Thread: Does UCS_BASIC have the right CTYPE?

Does UCS_BASIC have the right CTYPE?

From

Jeff Davis

Date:

25 October 2023, 21:32:02

UCS_BASIC is defined in the standard as a collation based on comparing
the code point values, and in UTF8 that is satisfied with memcmp(), so
the collation locale for UCS_BASIC in Postgres is simply "C".

But what should the result of UPPER('á' COLLATE UCS_BASIC) be? In
Postgres, the answer is 'á', but intuitively, one could reasonably
expect the answer to be 'Á'.

Reading the standard, it seems that LOWER()/UPPER() are defined in
terms of the Unicode General Category (Section 4.2, "<fold> is a pair
of functions..."). It is somewhat ambiguous about the case mappings,
but I could guess that it means the Default Case Algorithm[1].

That seems to suggest the standard answer should be 'Á' regardless of
any COLLATE clause (though I could be misreading). I'm a bit confused
by that... what's the standard-compatible way to specify the locale for
UPPER()/LOWER()? If there is none, then it makes sense that Postgres
overloads the COLLATE clause for that purpose so that users can use a
different locale if they want.

But given that UCS_BASIC is a collation specified in the standard,
shouldn't it have ctype behavior that's as close to the standard as
possible?

Regards,
    Jeff Davis

[1] https://www.unicode.org/versions/Unicode15.1.0/ch03.pdf#G33992

Re: Does UCS_BASIC have the right CTYPE?

From

Peter Eisentraut

Date:

26 October 2023, 17:49:55

On 25.10.23 20:32, Jeff Davis wrote:
> But what should the result of UPPER('á' COLLATE UCS_BASIC) be? In
> Postgres, the answer is 'á', but intuitively, one could reasonably
> expect the answer to be 'Á'.

I think that's right.  But what would you put into ctype to make that 
happen?

> That seems to suggest the standard answer should be 'Á' regardless of
> any COLLATE clause (though I could be misreading). I'm a bit confused
> by that... what's the standard-compatible way to specify the locale for
> UPPER()/LOWER()? If there is none, then it makes sense that Postgres
> overloads the COLLATE clause for that purpose so that users can use a
> different locale if they want.

The standard doesn't have the notion of locale-dependent case conversion.

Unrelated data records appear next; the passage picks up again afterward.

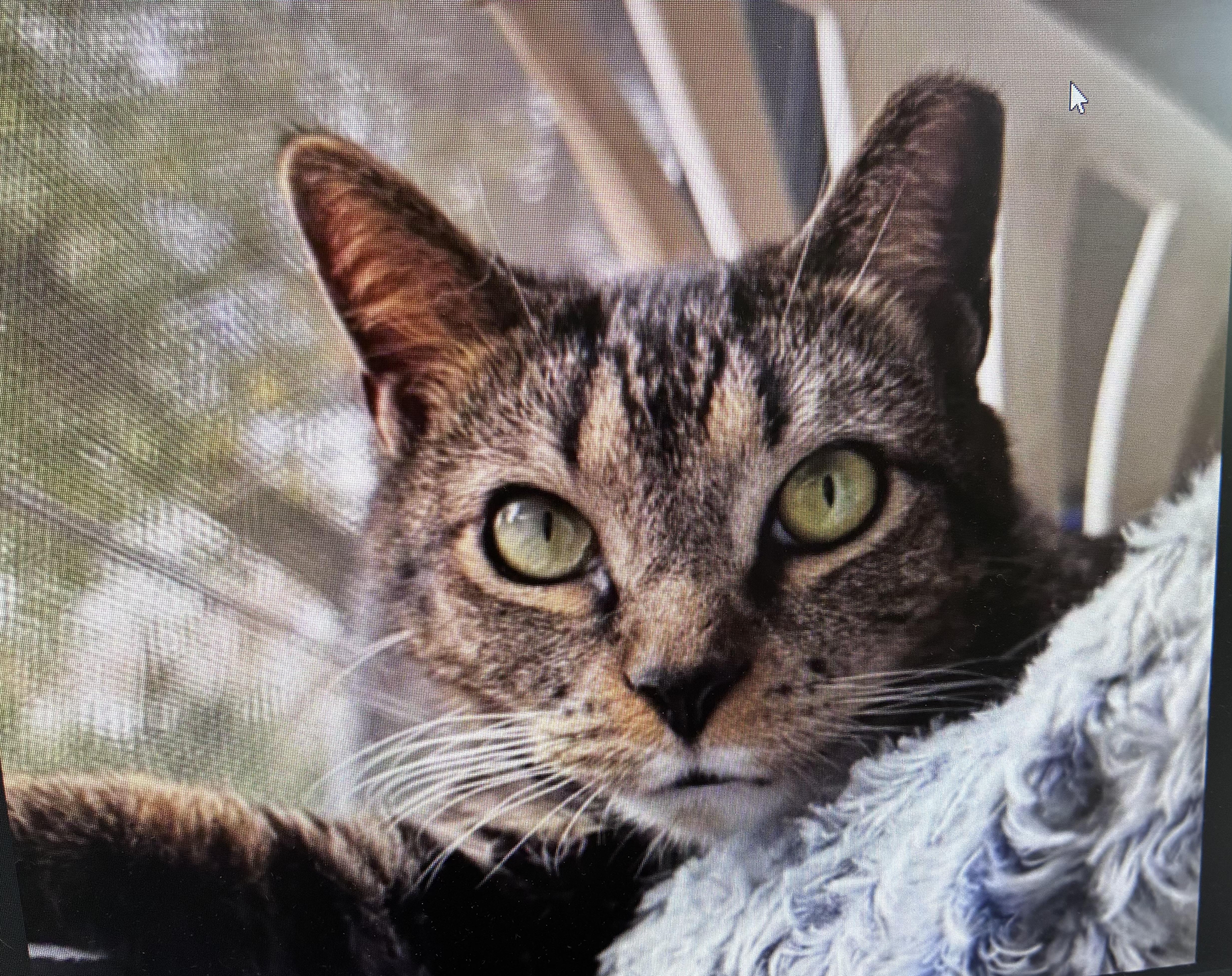 Enlarge Mango, a ADOPTABLE mixed breed in Ruskin, FL image 1/2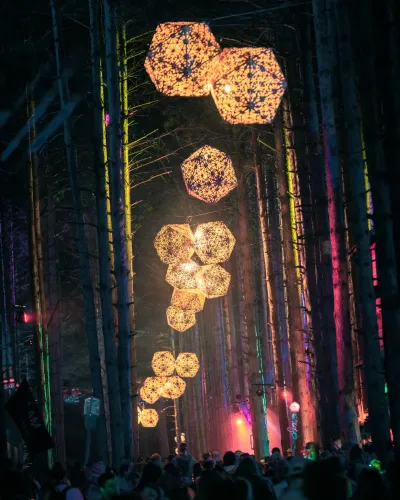 Electric Forest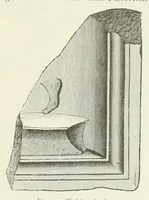 Picture 21 of 38 from Mittheilungen der K.K. Central-Commission zur Erforschung und Erhaltung der Kunst- und Historischen Denkmale (1875), leaf 251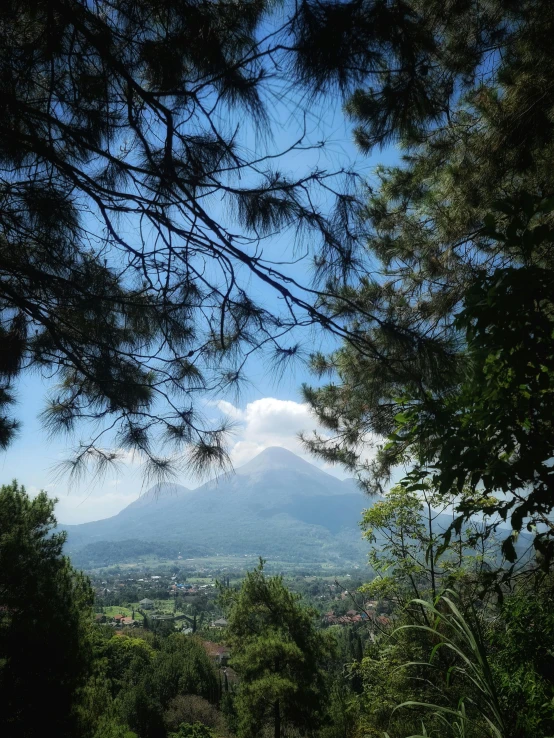 there is an image taken through some trees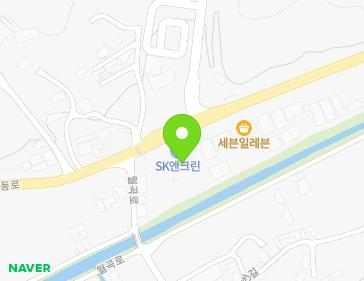 경기도 용인시 처인구 남사읍 경기동로 490 (오일뱅크대성주유소) 지도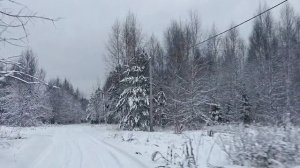 С наступающим новым 🎄 годом!
Grey Wiese "Je revies te chercher"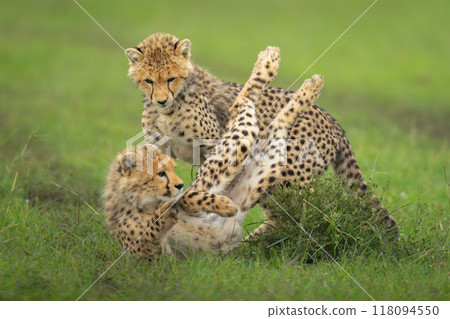 Cheetah cubs playing on grass by bush Cheetah cubs playing on grass by bush 118094550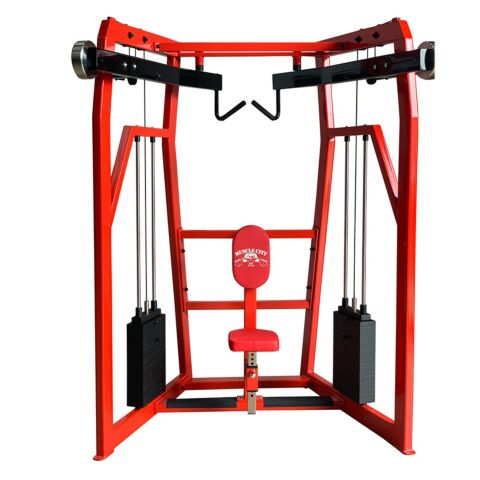Animal Dual Stack High Pulley Row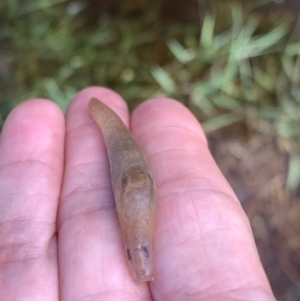 Ambigolimax sp. (valentius and waterstoni) at Murrumbateman, NSW - 6 Feb 2021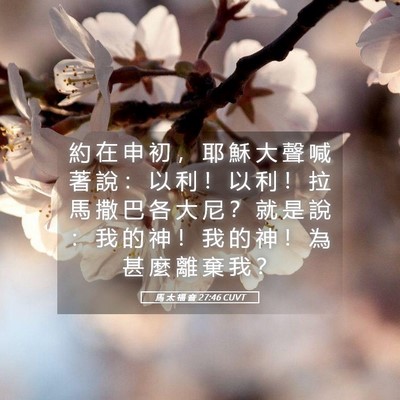 Picture 05 - 馬 太 福 音 27:46 CUVT - 約 在 申 初 ， 耶 穌 大 聲 喊 著 說 - Bible Verse Picture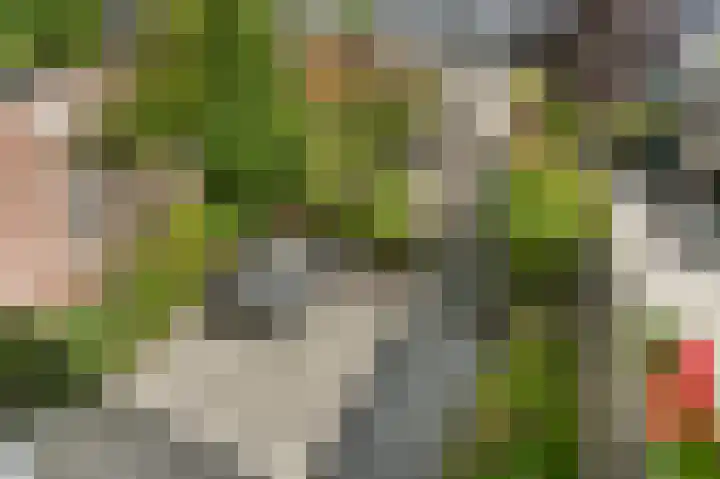 Kampioensingel 31 Den Haag thumbnail 52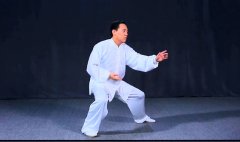 正雷太极书院|陈氏太极拳老架一路陈斌老师教学第三十八式：掩手肱拳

Re: Does UCS_BASIC have the right CTYPE?

From

Jeff Davis

Date:

26 October 2023, 19:21:40

On Thu, 2023-10-26 at 16:49 +0200, Peter Eisentraut wrote:
> On 25.10.23 20:32, Jeff Davis wrote:
> > But what should the result of UPPER('á' COLLATE UCS_BASIC) be? In
> > Postgres, the answer is 'á', but intuitively, one could reasonably
> > expect the answer to be 'Á'.
>
> I think that's right.  But what would you put into ctype to make that
> happen?

It looks like using Unicode files to implement
upper()/lower()/initcap() behavior would not be very hard. The Default
Case Algorithm only needs a simple mapping for toUppercase() and
toLowercase().

Our initcap() is not defined in the standard, and we document that it
only differentiates between alphanumeric and non-alphanumeric
characters, so we could get that behavior pretty easily as well. If we
wanted to do it the Unicode way instead, we can follow the
toTitlecase() part of the Default Case Algorithm, which is based on
word breaks and would require another lookup table for that.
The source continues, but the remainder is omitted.